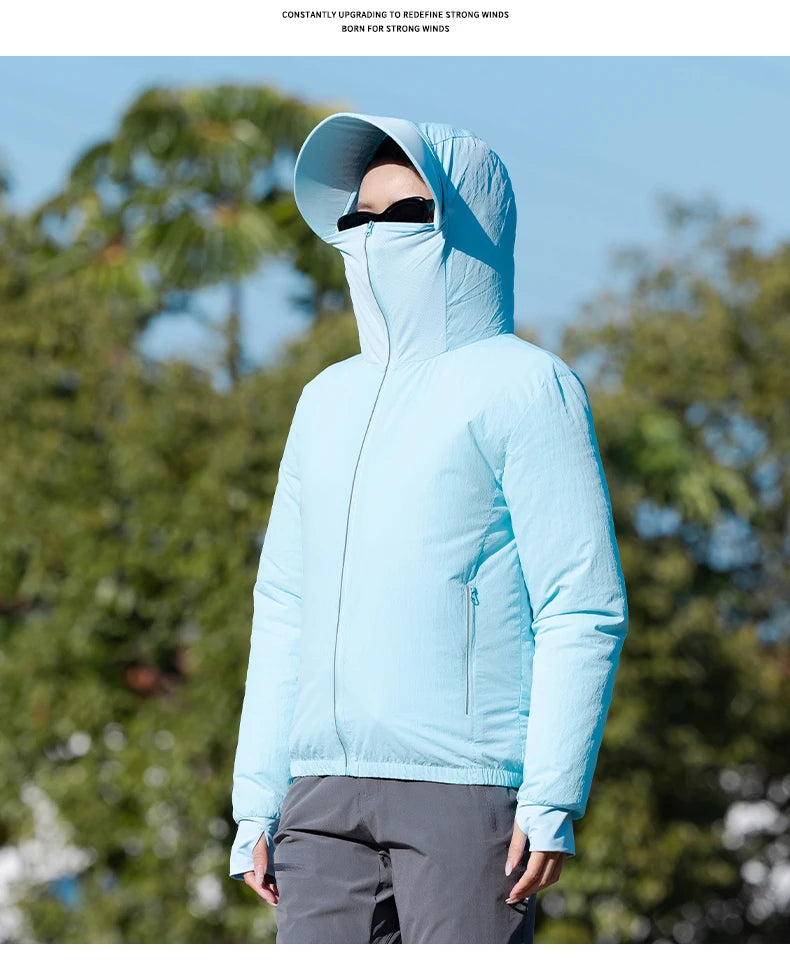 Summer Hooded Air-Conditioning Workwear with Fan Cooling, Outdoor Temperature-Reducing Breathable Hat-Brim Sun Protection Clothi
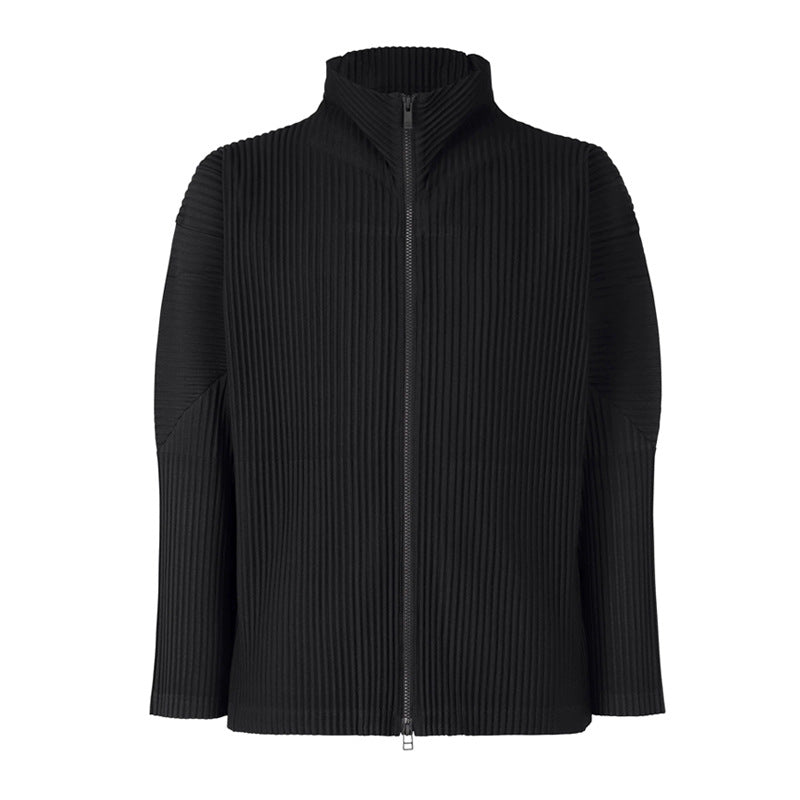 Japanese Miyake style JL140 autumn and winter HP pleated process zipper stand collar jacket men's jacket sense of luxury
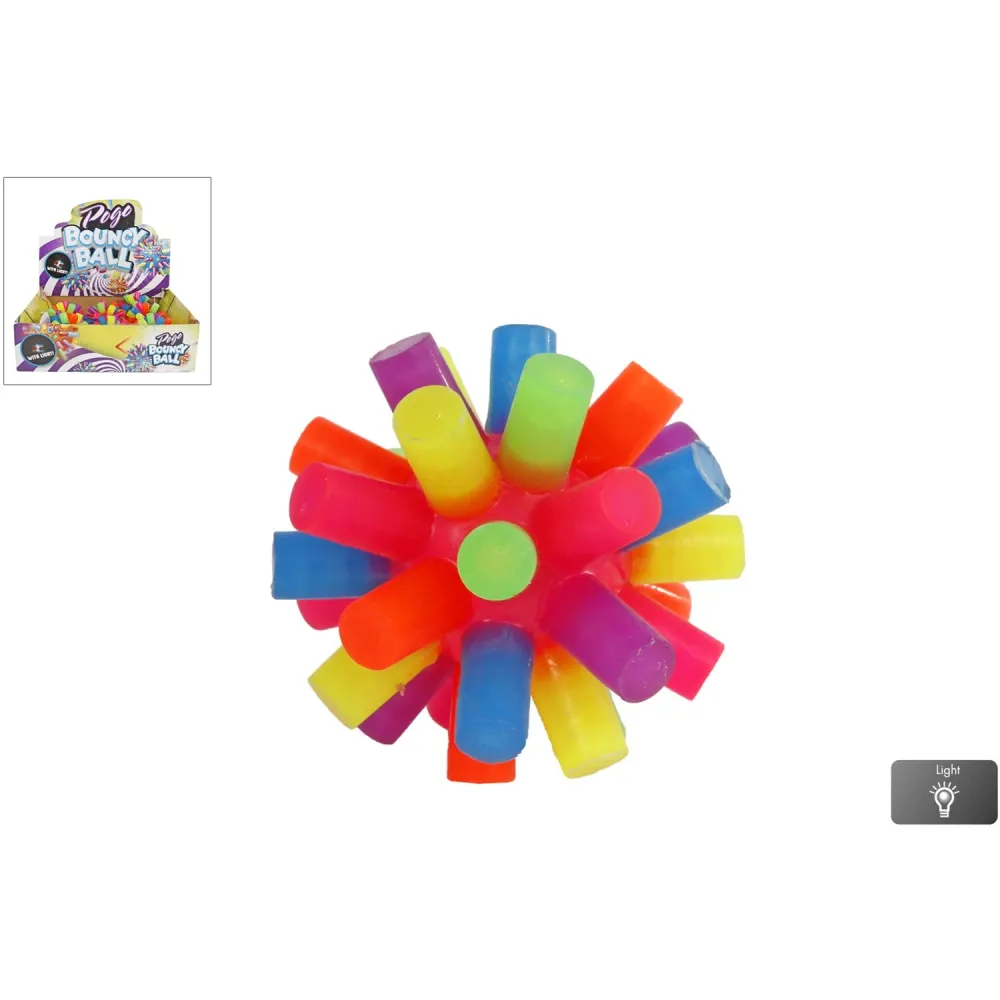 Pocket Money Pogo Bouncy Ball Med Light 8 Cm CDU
┄┄┄┄┄┄┄┄┄┄
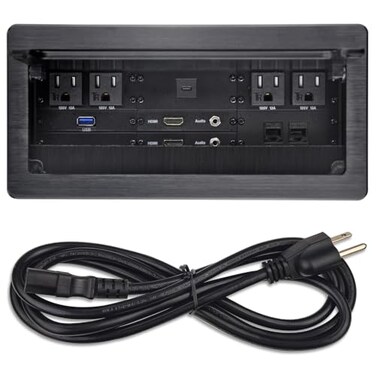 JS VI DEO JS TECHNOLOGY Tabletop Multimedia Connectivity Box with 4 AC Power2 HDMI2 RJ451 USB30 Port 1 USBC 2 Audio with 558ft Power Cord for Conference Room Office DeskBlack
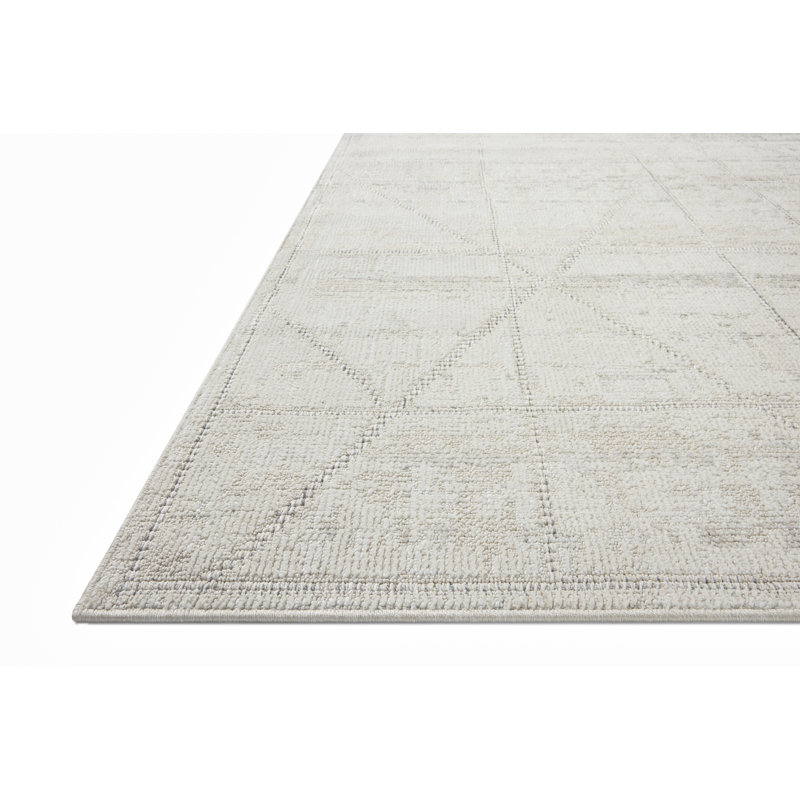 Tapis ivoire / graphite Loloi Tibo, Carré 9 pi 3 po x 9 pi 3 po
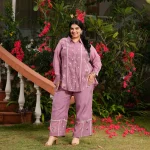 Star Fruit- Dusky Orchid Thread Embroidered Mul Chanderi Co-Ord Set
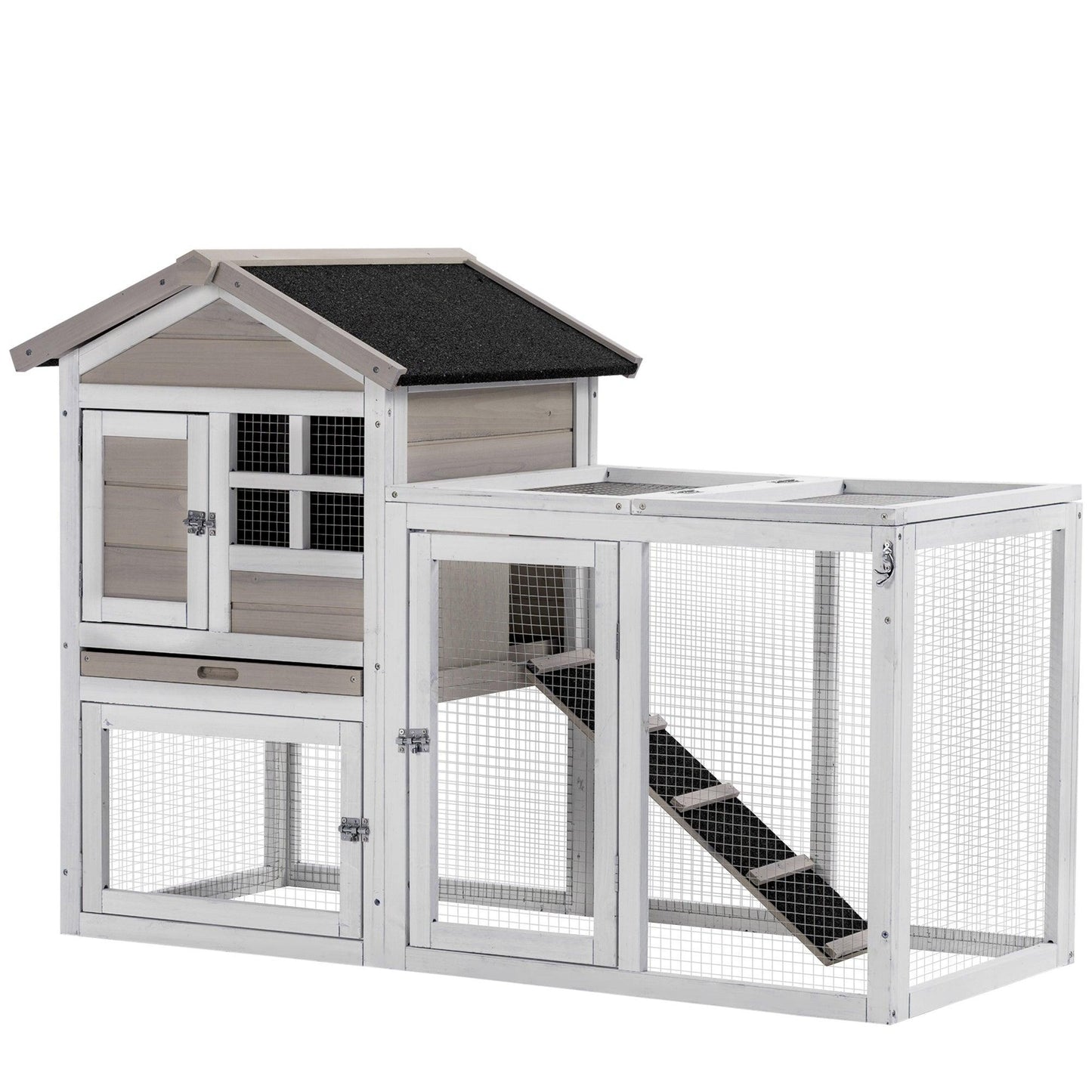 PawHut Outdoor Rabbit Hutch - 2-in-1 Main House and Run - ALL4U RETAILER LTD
┄┄┄┄┄┄┄┄┄┄
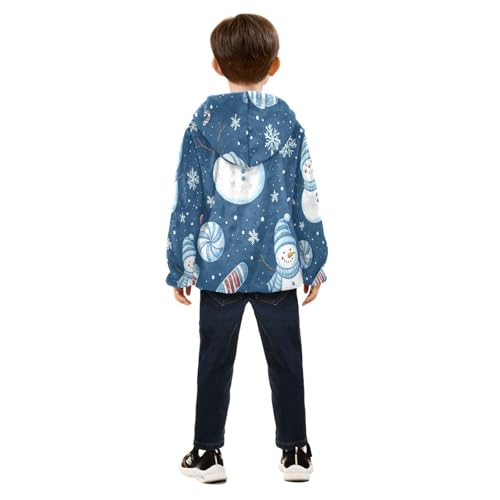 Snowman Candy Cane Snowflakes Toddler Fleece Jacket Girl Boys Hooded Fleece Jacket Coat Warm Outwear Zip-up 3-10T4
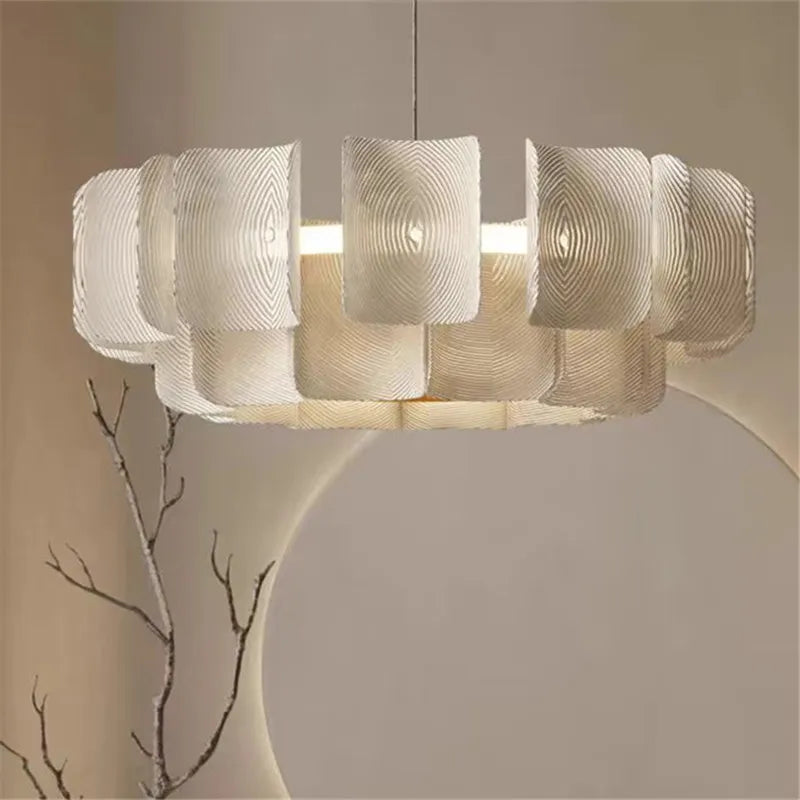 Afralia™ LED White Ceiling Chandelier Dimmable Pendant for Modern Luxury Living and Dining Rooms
┄┄┄┄┄┄┄┄┄┄
* Problem to solve
Above are some records; quote exactly and only the lines that begin at the line containing "Summer Hooded Air-Conditioning" and stop after the line containing "Pocket Money Pogo", leaving out the pictures.

* Solution to the problem
 Summer Hooded Air-Conditioning Workwear with Fan Cooling, Outdoor Temperature-Reducing Breathable Hat-Brim Sun Protection Clothi
 Japanese Miyake style JL140 autumn and winter HP pleated process zipper stand collar jacket men's jacket sense of luxury
 Pocket Money Pogo Bouncy Ball Med Light 8 Cm CDU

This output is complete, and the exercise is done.